§ The task
When you reach the line containing "Paar beim Wandern" in the records below, start copying exactly, and stop once you have copied the line containing "A steak with".

---------- Material shown ----------

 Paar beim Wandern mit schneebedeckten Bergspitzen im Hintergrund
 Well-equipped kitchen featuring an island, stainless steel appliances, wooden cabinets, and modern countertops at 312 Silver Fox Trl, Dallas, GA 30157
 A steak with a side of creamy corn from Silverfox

----------
---------- Material shown ----------

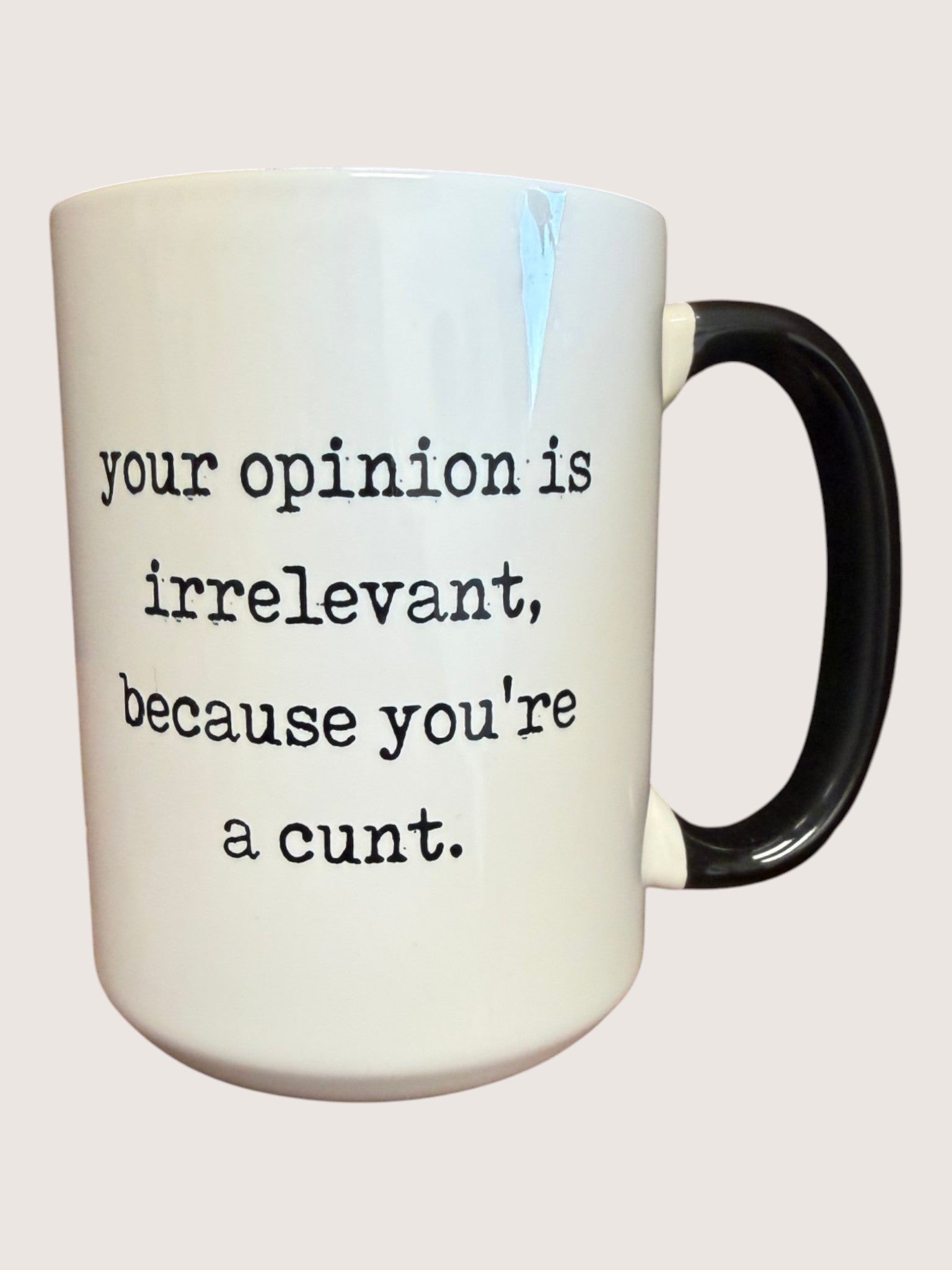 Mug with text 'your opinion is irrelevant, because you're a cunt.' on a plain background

----------

§ Reply
 Paar beim Wandern mit schneebedeckten Bergspitzen im Hintergrund
 Well-equipped kitchen featuring an island, stainless steel appliances, wooden cabinets, and modern countertops at 312 Silver Fox Trl, Dallas, GA 30157
 A steak with a side of creamy corn from Silverfox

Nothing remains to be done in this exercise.